I am aware that this is a hard doctrine to the natural heart. It strikes heavily upon that feeling of self-confidence, which is one of the evil fruits of our fallen condition. But, as it respects myself, if I may be allowed in humility of spirit to refer to my own feelings, it is a doctrine which is inexpressibly dear to me. I have been taught for many years, and by painful experience, that I can place no confidence in my own thoughts, feelings, or purposes. In none of these respects can I be my own keeper. On the contrary, I have seen, with the greatest clearness, that to be left to myself, either in these respects or in anything else, is always to be left in sin. And so great has been my anguish of spirit, in view of my entire inability to guide myself aright, that I could only pray that I might be struck out of existence and be annihilated, or that God would return and keep that which I could not keep myself.

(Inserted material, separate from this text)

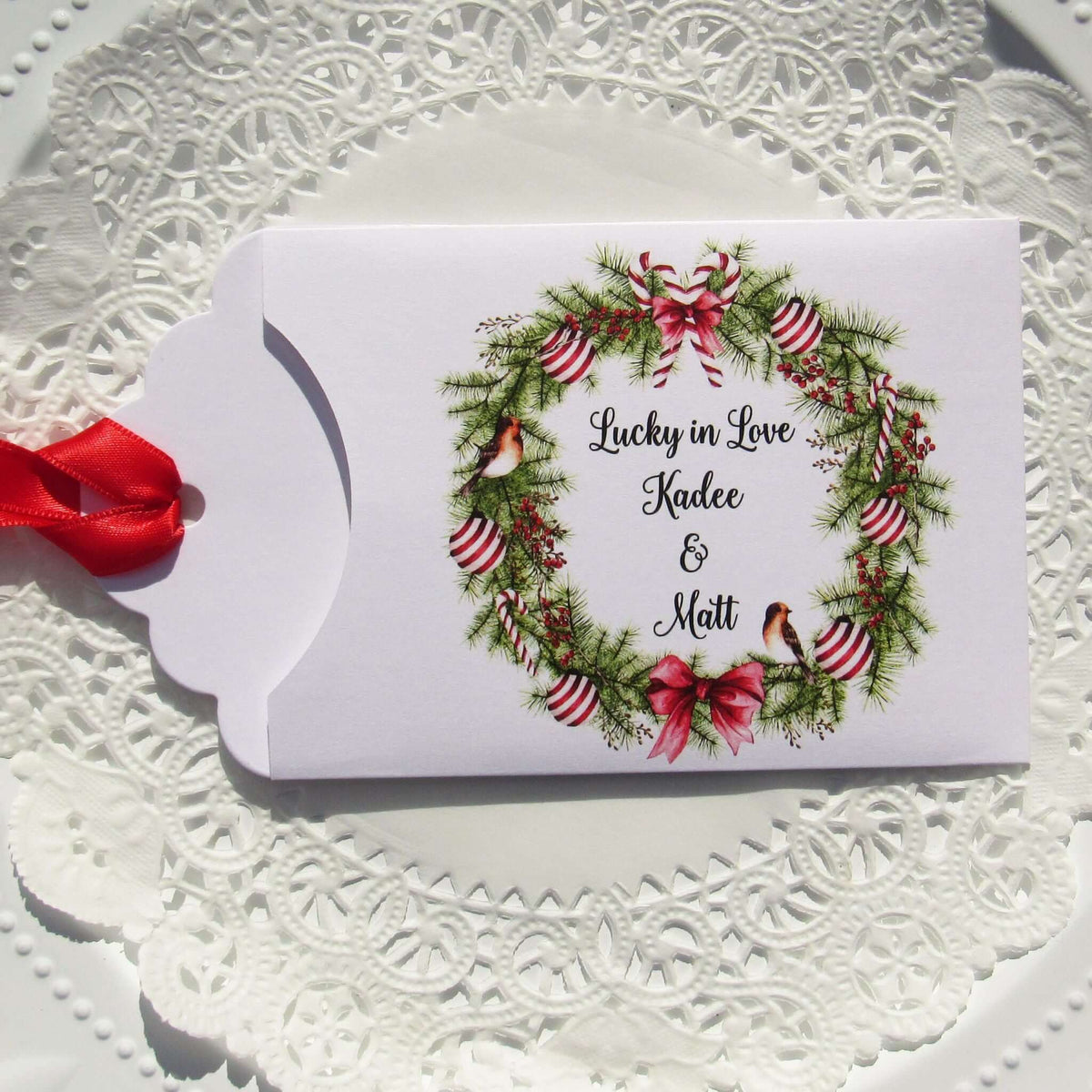 Fun Winter Wedding Reception Favors printed on white card stock with a holiday wreath these are personalized for the bride and groom.  Adorned with a ribbon which comes attached.  Our wedding lottery favors are sure to be a hit.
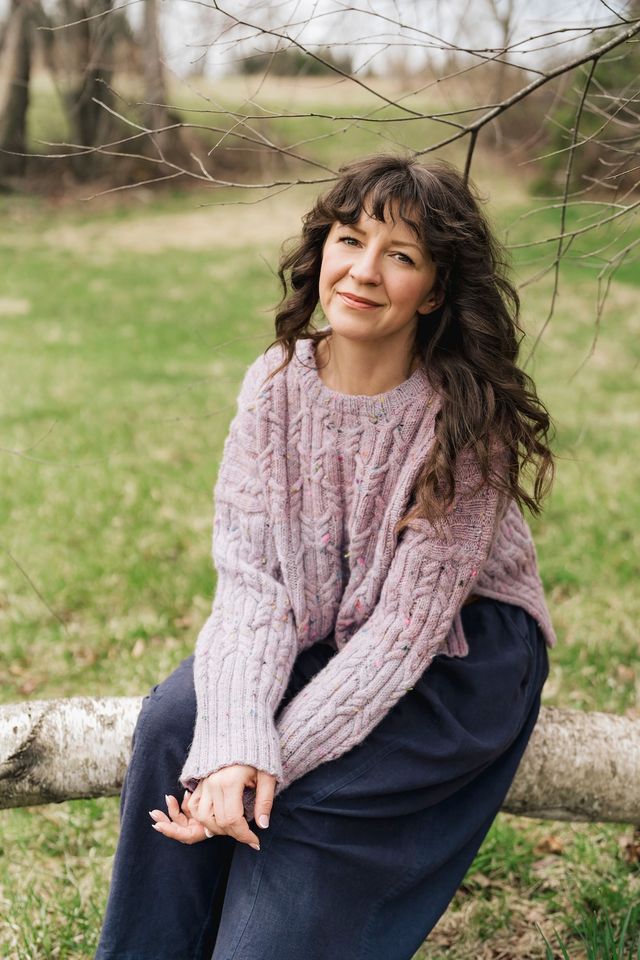 Woman sitting on a log in a natural setting wearing a pink sweater.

IF THOU, O GOD, WILT MAKE MY SPIRIT FREE.
If thou, O God, wilt make my spirit free,
Then will that darkened soul be free indeed;
I cannot break my bonds, apart from thee;
Without thy help I bow, and serve, and bleed.
Arise, O Lord, and in thy matchless strength,
Asunder rend the links my heart that bind,
And liberate, and raise, and save at length
My long enthralled and subjugated mind.
And then, with strength and beauty in her wings,
My quickened soul shall take an upward flight,
And in thy blissful presence, King of kings,
Rejoice in liberty, and life, and light,
In renovated power and conscious truth,
In faith and cheerful hope, in love and endless youth.
— edited from A Treatise on Divine Union (1851) Part 7, Chapter 3.